Twelve Loyola students sanctioned, cited in raid at popular local establishment
Jenn Ruckel, Editor in Chief
Four officers from Loyola University’s Campus Police were posted outside of Favorites Pub on Thursday night, December 5.
“We got to the bar at around 10 p.m.—no one was really there, which we thought was kind of fishy, but we sat down,” said an anonymous Loyola student.
At approximately 10:45 p.m., Loyola Police officers and a lieutenant of the Northern District Baltimore City Police Department entered the popular undergraduate bar and retrieved 15 underage patrons with fake IDs, 12 of whom were Loyola students. Each student was issued a $250 fine and must complete an educational program offered by ADESS (Alcohol and Drug Education and Support Services). As for BCPD’s sanctions, the students were charged with a traffic violation for carrying fictitious identification. All offenders received court dates, and failure to appeal could result in an arrest warrant (since altering government documents is also a federal offense).
This raid of the infamous Craig’s bar was the first casualty in what will likely become a pattern now that Loyola Police and BCPD are entwined in a partnership. But law enforcement isn’t the only component in the alliance; representatives from the police, universities and bars have been coalescing since October to address neighborhood concerns and an escalating pattern of underage drinking in the city.
“What can we do to put a little more effort, a little more fear in students that if they are underage and have fake IDs, they could get checked at the bar by someone other than a bouncer?” asked Colonel Timothy Fox, director of Public Safety at Loyola. It might sound harsh, but Fox explained that if a student is compliant, this system is less painful than being carted down to Central Booking by BCPD.
Anonymous said he was the first student to hand over his fake ID. “I personally never get in trouble—I’m usually a good kid,” he said, explaining that most of the students resisted giving up their IDs, even “sassing” the officers and provoking threats to take them downtown.
After BCPD collected their IDs, Loyola Police brought the 12 students back to the campus station for an hour and a half meeting. Some of the students who were less distraught decided to take Snapchat videos in the station. “I just sat there and I was like wow, this sucks,” said anonymous. “I really love it here [at Loyola] and I don’t want to go on academic probation.”
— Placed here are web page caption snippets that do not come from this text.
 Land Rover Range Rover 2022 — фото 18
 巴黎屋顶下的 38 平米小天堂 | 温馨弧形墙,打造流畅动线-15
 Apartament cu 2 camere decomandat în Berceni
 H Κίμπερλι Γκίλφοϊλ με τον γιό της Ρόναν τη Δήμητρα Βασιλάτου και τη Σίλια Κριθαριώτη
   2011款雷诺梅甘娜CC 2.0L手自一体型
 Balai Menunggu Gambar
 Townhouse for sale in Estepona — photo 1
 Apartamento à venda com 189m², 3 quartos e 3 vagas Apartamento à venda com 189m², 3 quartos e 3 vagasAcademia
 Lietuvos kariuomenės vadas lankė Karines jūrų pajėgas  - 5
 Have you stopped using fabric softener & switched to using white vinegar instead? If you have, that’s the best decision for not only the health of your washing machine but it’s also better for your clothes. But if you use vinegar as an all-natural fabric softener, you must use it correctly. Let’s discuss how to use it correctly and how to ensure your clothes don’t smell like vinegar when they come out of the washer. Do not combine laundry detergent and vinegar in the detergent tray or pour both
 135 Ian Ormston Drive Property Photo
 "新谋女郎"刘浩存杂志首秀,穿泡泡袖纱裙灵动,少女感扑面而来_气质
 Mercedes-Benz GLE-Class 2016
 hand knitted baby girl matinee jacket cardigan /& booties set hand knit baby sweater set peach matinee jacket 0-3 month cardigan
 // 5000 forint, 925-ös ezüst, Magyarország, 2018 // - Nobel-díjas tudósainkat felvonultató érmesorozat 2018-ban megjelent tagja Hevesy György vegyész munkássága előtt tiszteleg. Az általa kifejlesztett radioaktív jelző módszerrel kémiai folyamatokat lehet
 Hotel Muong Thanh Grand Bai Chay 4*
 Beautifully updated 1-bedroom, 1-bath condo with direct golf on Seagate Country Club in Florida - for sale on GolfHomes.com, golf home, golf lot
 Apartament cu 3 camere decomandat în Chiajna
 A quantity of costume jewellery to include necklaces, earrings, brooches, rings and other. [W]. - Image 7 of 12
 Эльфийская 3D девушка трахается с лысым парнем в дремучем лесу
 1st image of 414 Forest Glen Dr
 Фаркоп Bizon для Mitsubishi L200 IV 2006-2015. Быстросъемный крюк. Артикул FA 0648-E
While the maximum sentence for the students’ traffic violation is a $500 fine or 60 days behind bars, under other violations, there’s a risk of license suspension or up to 12 points. “I feel like I’ll probably end up with a fine and required community service,” said anonymous.
Some of the involved students have chosen to take a public defender for their case, but anonymous is getting a lawyer, hoping to dismiss the charges from his criminal record. He actually contacted Loyola’s attorney for a recommendation, and he’s paying all the fines himself and splitting the lawyer’s $1,000 fee with his parents until he can reimburse them. His Maryland court date is February 13, and thus far there have been no charges from his home state or the state his fake ID was from.
“I think it was handled in a fair way. You have to own up to it and say I know what I did was wrong,” he said. Anonymous said he is able to handle the situation now, but it was challenging during finals week. He knows that one student involved transferred out of Loyola. However, while students are more anxious now, the bar-hopping hasn’t dwindled. “A lot of my friends still go to Craig’s, Murphy’s and Maxie’s,” said anonymous. “I haven’t gone out since. I’m not going if I don’t feel comfortable—probably not until at least after my court date.”
Legal ramifications are quite real, but so are social pressures. “Go out, man up—it’s not going to happen again, you were unlucky,” is some of the feedback anonymous has received from his peers.
“I don’t want to generalize, but it seems like the first-year class’s perception of Loyola’s social life is skewed toward the idea that the whole school is going out every weekend,” said Vicky Miciotta, a senior Messina Evergreen. “I think people forget that you always hear about the loudest people rather than the quieter folks staying in or going to campus events.”
According to Fox, the possibility is high that there will be another joint Loyola-BCPD raid in the coming weeks. “I wouldn’t venture to say where, but likely not Craig’s again,” he said, though BCPD allegedly busted Craig’s independently last Friday night. The next target could be Murphy’s, it could be Zen—it could even be Power Plant.